Let me give you another example: for most of your life, you learned to love Italian cuisine. You just really enjoy it, you know already that it’s a 10/10 for you. And then, even when Italian dishes are available to you, you might decide to go for something new. Depending on how adventurous you feel, you might decide to go with a variation of an Italian dish. Or maybe you change completely and go for something like Korean cuisine. Who knows? Maybe you’ll even like it more than you did with Italian, but you won’t know until you try.

This kind of boredom for things, even when we love them, is our brain striving to explore new options, learn about the world and find choices that might be even better than the ones that we have already. It’s the brain thinking that now you’ve got a 10, but next one might be a 15. And this changes from person to person: some people really like to play it safe with their choices, some others are really out there for trying all sorts of new things.

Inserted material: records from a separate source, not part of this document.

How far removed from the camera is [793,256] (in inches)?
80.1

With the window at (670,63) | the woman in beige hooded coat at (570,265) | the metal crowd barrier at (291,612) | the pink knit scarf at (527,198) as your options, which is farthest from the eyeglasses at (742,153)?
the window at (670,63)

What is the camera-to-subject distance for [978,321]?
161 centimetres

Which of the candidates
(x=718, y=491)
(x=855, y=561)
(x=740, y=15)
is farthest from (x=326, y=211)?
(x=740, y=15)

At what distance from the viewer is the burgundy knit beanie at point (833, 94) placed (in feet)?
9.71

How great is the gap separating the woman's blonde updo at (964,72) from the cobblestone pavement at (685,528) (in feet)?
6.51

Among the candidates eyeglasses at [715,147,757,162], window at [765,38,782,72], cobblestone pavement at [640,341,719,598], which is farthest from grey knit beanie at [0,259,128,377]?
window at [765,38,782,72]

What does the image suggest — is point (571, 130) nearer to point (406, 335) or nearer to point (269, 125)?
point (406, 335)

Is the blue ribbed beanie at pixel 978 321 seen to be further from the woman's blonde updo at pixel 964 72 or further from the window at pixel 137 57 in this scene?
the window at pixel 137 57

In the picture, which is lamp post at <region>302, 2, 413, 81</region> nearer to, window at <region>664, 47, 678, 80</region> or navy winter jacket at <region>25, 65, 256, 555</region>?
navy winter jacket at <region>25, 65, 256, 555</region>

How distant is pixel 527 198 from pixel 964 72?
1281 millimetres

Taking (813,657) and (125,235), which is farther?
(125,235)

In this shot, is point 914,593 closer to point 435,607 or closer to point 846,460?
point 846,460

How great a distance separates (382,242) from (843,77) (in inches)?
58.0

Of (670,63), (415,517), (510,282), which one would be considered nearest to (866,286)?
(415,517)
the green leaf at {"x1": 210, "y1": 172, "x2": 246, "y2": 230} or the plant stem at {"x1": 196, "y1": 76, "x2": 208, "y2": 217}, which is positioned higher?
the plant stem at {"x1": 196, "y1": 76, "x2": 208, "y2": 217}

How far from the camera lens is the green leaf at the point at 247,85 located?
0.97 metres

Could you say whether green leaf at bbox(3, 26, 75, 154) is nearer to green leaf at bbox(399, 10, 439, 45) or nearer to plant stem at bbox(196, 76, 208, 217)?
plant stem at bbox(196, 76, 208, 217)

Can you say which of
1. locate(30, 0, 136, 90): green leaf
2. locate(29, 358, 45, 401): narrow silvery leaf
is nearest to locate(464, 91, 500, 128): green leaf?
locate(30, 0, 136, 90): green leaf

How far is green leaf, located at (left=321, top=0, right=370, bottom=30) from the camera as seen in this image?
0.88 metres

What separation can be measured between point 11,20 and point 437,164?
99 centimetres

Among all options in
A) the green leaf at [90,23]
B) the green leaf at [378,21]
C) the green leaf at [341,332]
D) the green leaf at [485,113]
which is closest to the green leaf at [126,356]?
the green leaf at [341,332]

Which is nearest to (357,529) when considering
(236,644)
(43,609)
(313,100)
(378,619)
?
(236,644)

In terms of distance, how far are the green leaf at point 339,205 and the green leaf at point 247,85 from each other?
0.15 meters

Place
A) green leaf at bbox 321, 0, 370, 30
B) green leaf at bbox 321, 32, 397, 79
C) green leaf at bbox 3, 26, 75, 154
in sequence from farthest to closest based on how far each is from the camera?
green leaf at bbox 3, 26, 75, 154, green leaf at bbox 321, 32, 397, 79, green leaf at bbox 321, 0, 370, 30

As we’ve seen before, exploring (trying new choices) helps you learn more about the world, and be more informed about what to choose next. But you cannot make two choices at the same time, so when you’re exploring, you’re not getting the options that you know are good (they might be wrong choices!)

On the other hand, picking the choices that you know are good already, or “playing it safe” is called exploitation. This is: you’re making use of your knowledge gained by your previous experiences.

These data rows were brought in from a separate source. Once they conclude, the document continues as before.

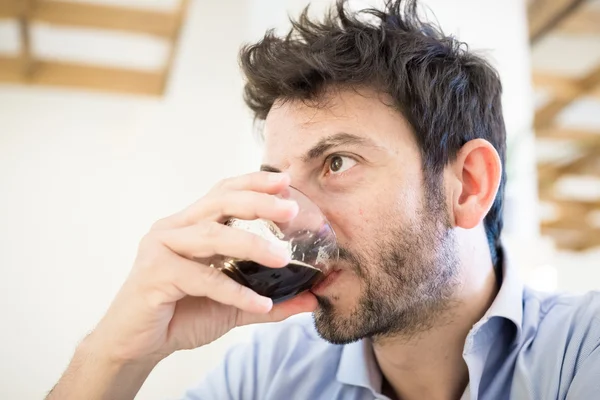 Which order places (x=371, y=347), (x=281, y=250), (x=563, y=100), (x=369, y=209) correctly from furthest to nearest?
1. (x=563, y=100)
2. (x=371, y=347)
3. (x=369, y=209)
4. (x=281, y=250)

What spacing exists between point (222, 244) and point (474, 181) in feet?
2.12

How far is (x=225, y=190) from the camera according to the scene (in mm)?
985

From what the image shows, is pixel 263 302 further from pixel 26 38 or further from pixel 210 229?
pixel 26 38

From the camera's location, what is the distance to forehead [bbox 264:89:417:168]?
3.94 ft

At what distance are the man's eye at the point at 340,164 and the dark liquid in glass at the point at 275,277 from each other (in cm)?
23

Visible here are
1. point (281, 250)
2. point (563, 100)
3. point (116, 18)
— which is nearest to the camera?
point (281, 250)

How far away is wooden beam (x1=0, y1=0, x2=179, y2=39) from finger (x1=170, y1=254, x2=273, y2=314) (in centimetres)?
268

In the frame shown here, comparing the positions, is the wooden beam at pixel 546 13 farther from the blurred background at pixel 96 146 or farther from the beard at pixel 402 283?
the beard at pixel 402 283

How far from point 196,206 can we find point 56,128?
3.53 m

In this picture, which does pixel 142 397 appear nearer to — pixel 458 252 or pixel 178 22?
pixel 178 22

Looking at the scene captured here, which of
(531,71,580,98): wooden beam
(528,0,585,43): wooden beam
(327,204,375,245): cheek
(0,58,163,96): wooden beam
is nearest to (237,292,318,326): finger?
(327,204,375,245): cheek

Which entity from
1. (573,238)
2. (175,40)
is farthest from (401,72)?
(573,238)

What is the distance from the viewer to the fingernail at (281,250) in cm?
90

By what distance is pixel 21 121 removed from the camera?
165 inches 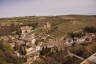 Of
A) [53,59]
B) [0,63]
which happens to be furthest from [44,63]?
[0,63]

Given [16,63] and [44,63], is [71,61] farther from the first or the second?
[16,63]

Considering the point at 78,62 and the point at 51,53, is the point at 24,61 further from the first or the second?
the point at 78,62

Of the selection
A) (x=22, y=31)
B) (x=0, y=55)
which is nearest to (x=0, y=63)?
(x=0, y=55)

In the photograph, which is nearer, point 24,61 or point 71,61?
point 71,61

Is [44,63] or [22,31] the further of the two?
[22,31]

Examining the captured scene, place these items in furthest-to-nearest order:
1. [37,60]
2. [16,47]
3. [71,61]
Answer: [16,47]
[37,60]
[71,61]

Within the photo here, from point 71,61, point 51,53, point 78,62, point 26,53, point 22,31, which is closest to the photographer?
point 78,62

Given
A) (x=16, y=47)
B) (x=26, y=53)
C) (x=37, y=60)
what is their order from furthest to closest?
(x=16, y=47)
(x=26, y=53)
(x=37, y=60)

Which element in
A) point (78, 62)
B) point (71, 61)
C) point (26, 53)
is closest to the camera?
point (78, 62) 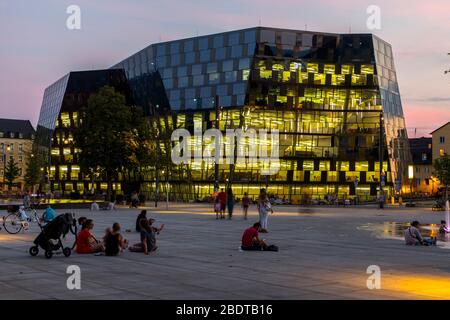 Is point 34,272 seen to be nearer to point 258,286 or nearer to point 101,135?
point 258,286

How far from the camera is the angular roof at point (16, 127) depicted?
175 m

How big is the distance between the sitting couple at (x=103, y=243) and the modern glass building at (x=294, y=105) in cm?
7000

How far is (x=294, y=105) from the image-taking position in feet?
294

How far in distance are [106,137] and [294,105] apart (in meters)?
33.8

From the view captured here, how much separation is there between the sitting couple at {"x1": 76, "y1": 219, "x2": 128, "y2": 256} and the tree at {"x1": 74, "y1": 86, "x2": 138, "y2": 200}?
153ft

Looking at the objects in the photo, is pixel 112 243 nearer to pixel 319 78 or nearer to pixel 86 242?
pixel 86 242

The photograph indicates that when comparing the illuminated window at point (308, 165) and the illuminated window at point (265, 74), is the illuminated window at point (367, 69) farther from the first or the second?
the illuminated window at point (308, 165)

Neither exploration nor exploitation is better than the other. There’s a balance that has to be met and there’s no one-size-fits-all way to find that balance.

Recap: there’s risk involved with exploration but the upside is that we get to learn. There’s no risk with exploitation but we don’t learn much by playing it safe.

The Importance of Environment

In the numbered ball task, it was difficult to make an informed decision because you, as the agent, didn’t know how the balls were numbered. There was very little context or environment. You had to just keep on drawing balls until you get a sense of their numbering.

The cuisine example is a little bit easier, because while Italian and Korean cuisine are really different, if you know that you like the garlic-y taste of spaghetti aglio et olio, it’s very likely that you’ll also enjoy some manul changachi, because it’s also garlic-based.

In such an environment, where there’s more clarity, exploration is less crucial.

To put that into a real-world example, if you’re playing blackjack, it’s not smart to ask for another card when you’re already at 20. You know this because you know the rules, you know your cards, and you know the chances of overshooting your goal of 21. There’s a rich environment from which to draw clues and make a good decision based on known rules.

In this type of environment, we’re not really working in the arena of reinforcement learning anymore. It’s not about exploration and exploitation. It’s something more akin to what neural networks use. However, it’s not a black-and-white classification, so there are techniques that mix the approach from both areas, like deep reinforcement Learning.

Takeaways: reinforcement is another kind of search (optimization process). Improving that search makes it easier to find good results.

Now that you’ve grasped the basics of reinforcement learning via our non-technical description, you should feel confident about launching a more in-depth exploration. As you may have guessed, there’s no shortage of internet-based resources for this.